Problem to solve
Make an exact copy of all the records that follow, apart from the pictures.

(Crawled caption data)
##############################

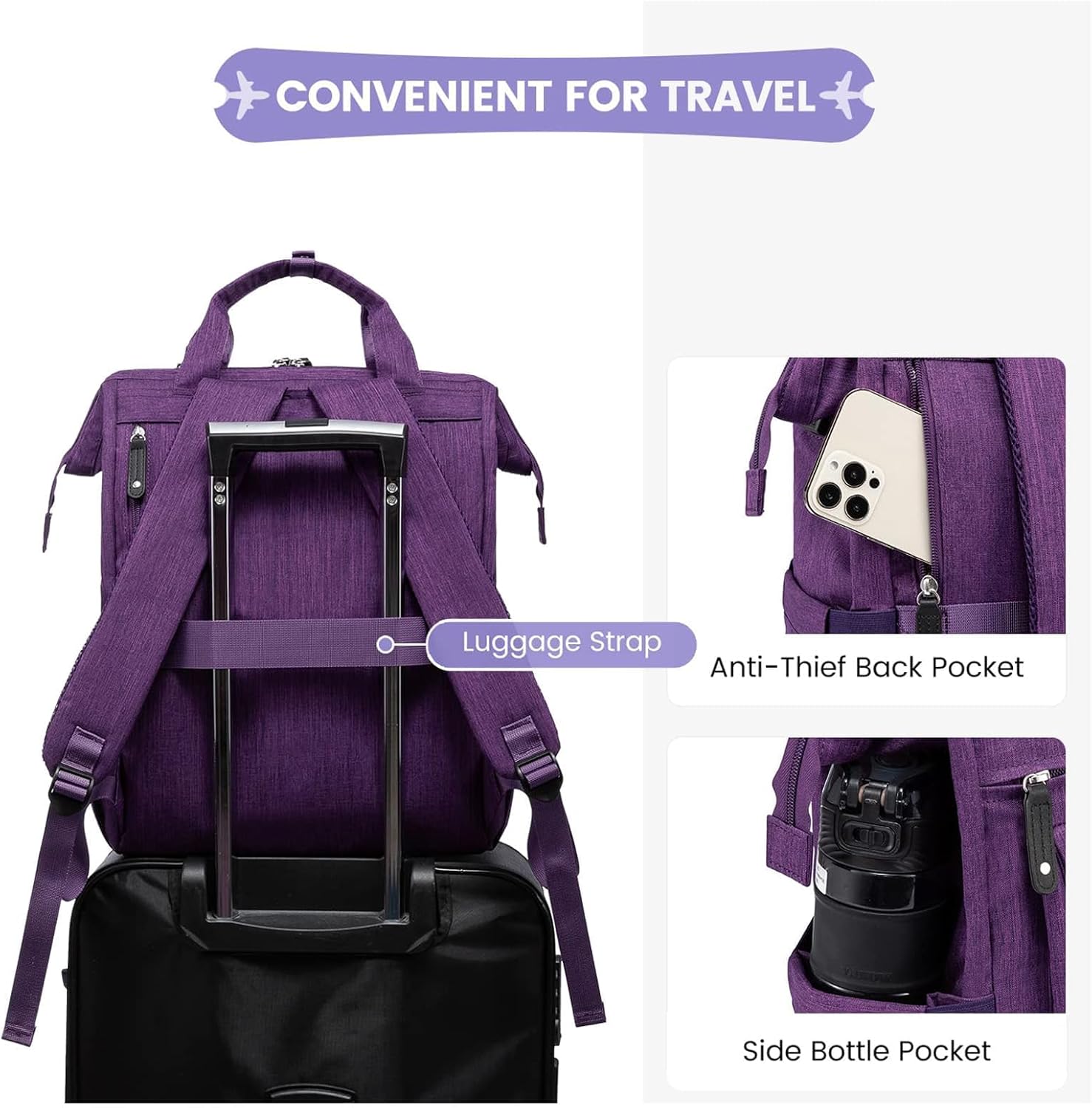 LOVEVOOK 17 inch Laptop Backpack for Women, Teacher Nurse Work Travel Backpacks Purse,Computer Bag, Purple - Image 3
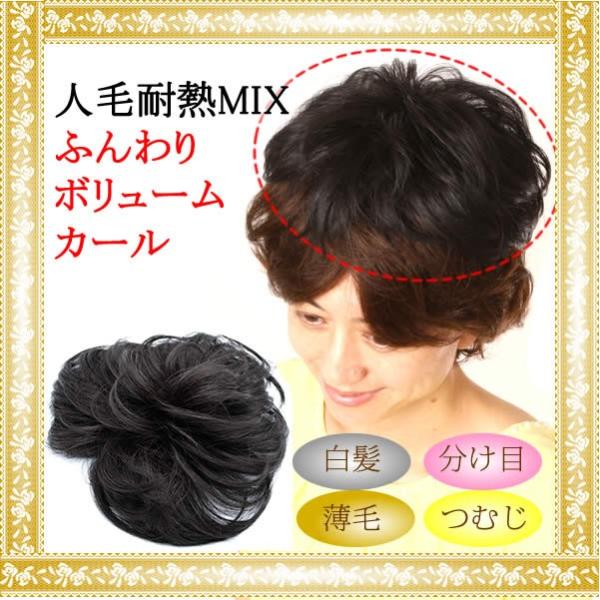 ウィッグ 人毛　耐熱　ヘアピース　ミセス　かつら　部分ウィッグ　薄毛隠し 白髪隠し 円形脱毛症 抗がん剤治療　ふんわりボリューム 人毛ミックス 6415kai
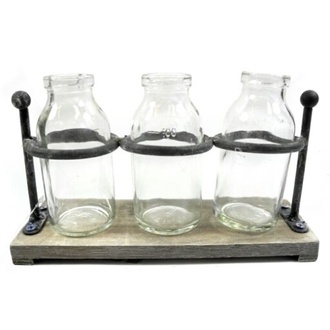 Metal Bottle Holder Industrial Decor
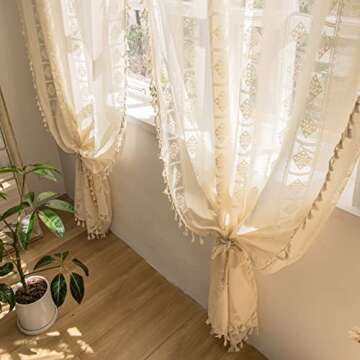 Sutuo Home Boho Curtains 2 Panels Crochet Lace Vintage Drapes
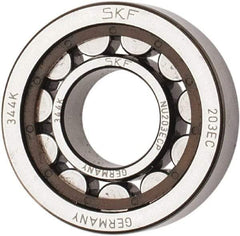 SKF - 17mm Bore Diam, 40mm Outside Diam, 12mm Wide Cylindrical Roller Bearing - 17,200 N Dynamic Capacity, 14,300 Lbs. Static Capacity - USA Tool & Supply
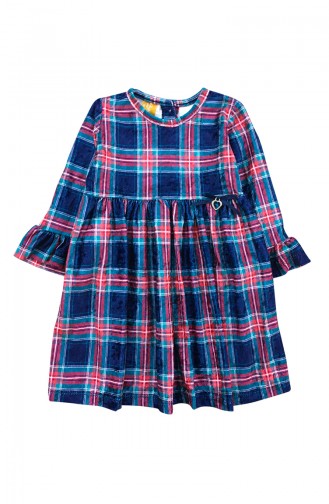 Robe Velours Pour Enfant Fille F0934 Bleu Marine 0934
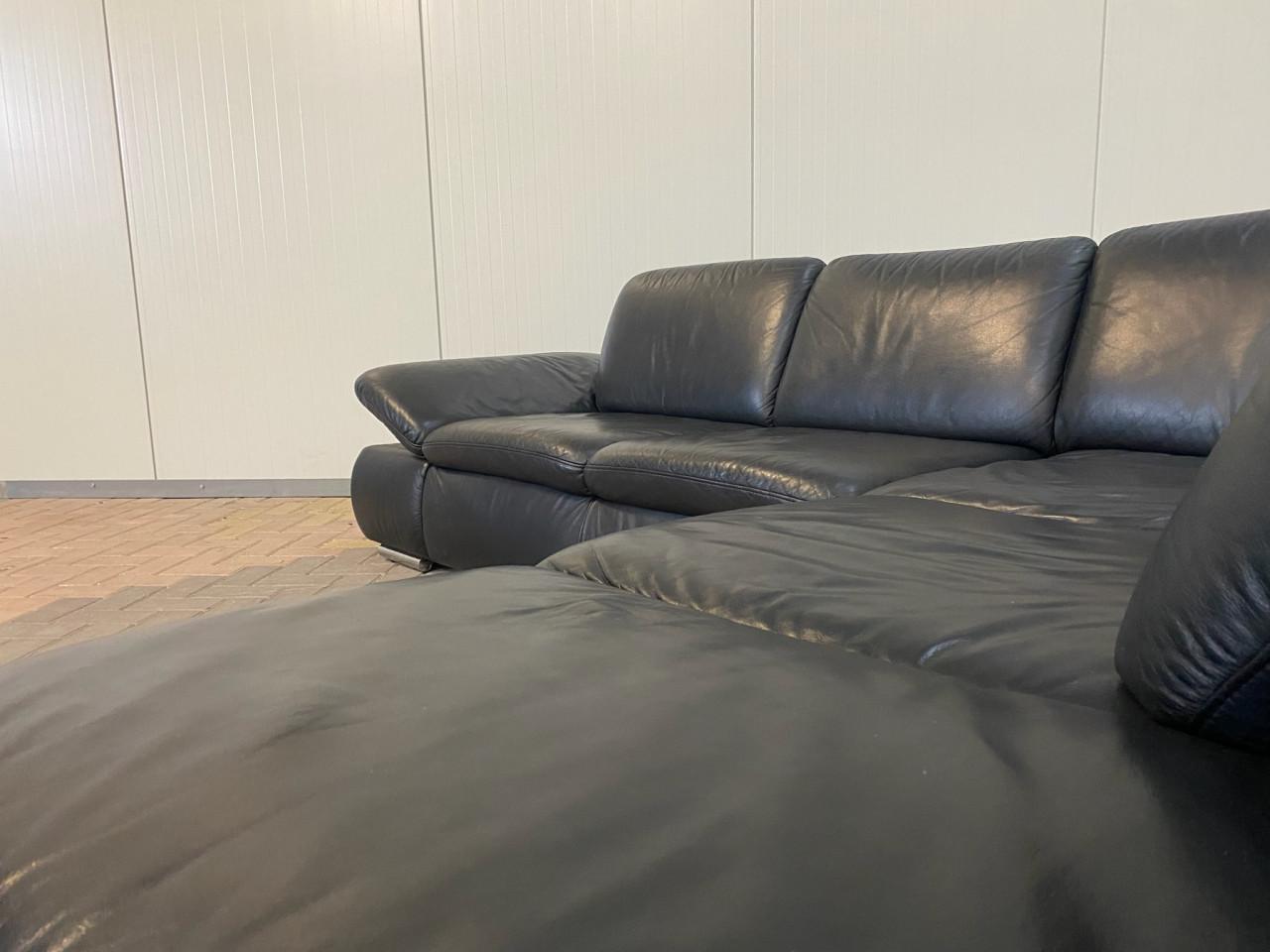 GRATIS LEVERING HEEL NL Mooie Zwarte Echt Leer Hoekbank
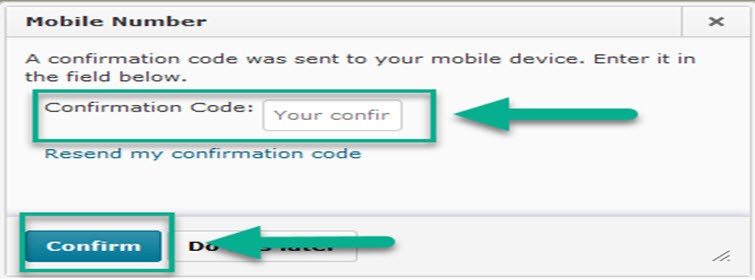 Mobile Number Confirmation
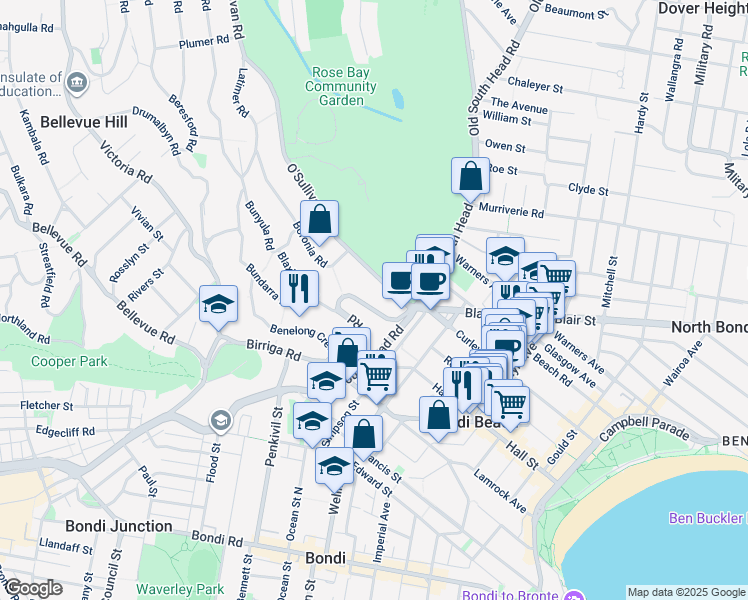map of restaurants, bars, coffee shops, grocery stores, and more near 100 Birriga Road in Bellevue Hill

##############################

Expected answer
 LOVEVOOK 17 inch Laptop Backpack for Women, Teacher Nurse Work Travel Backpacks Purse,Computer Bag, Purple - Image 3
 ウィッグ 人毛　耐熱　ヘアピース　ミセス　かつら　部分ウィッグ　薄毛隠し 白髪隠し 円形脱毛症 抗がん剤治療　ふんわりボリューム 人毛ミックス 6415kai
 Metal Bottle Holder Industrial Decor
 Sutuo Home Boho Curtains 2 Panels Crochet Lace Vintage Drapes
 SKF - 17mm Bore Diam, 40mm Outside Diam, 12mm Wide Cylindrical Roller Bearing - 17,200 N Dynamic Capacity, 14,300 Lbs. Static Capacity - USA Tool & Supply
 Robe Velours Pour Enfant Fille F0934 Bleu Marine 0934
 GRATIS LEVERING HEEL NL Mooie Zwarte Echt Leer Hoekbank
 Mobile Number Confirmation
map of restaurants, bars, coffee shops, grocery stores, and more near 100 Birriga Road in Bellevue Hill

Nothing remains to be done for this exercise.